►
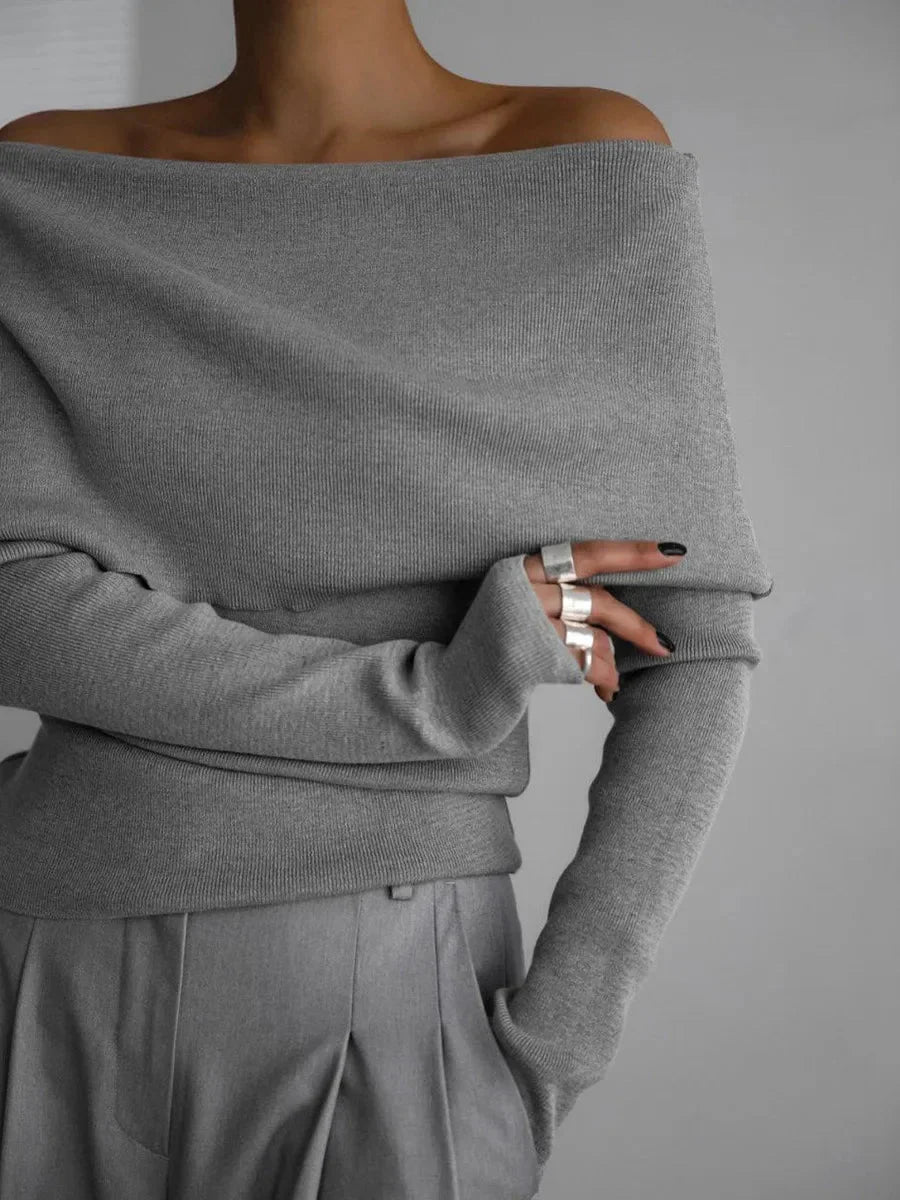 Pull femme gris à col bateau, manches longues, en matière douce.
◄
►
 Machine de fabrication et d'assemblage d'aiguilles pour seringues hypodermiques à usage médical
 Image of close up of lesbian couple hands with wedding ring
◄
►
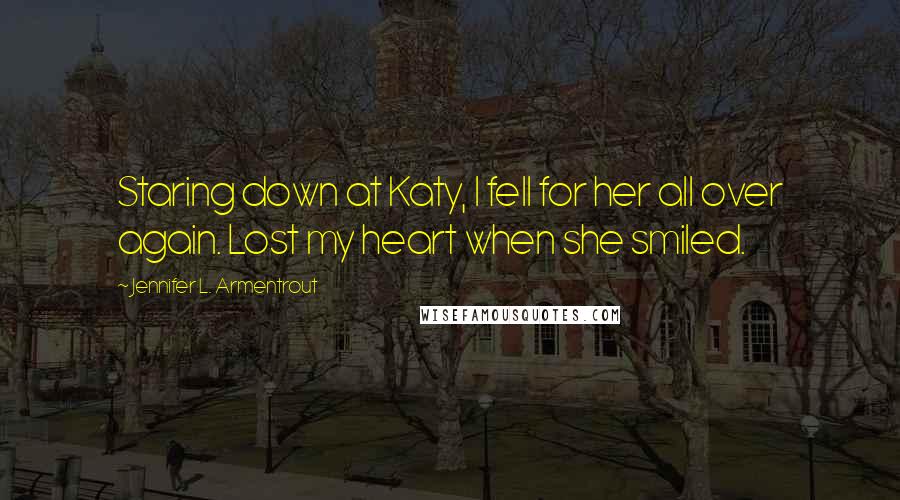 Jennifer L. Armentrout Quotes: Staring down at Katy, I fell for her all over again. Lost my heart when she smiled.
◄
_What you need to do_. Out of the data above, give again only the lines starting at the one holding "Machine de fabrication" and ending at the one holding "Image of close", unchanged.

_Result for this exercise_.
 Machine de fabrication et d'assemblage d'aiguilles pour seringues hypodermiques à usage médical
 Image of close up of lesbian couple hands with wedding ring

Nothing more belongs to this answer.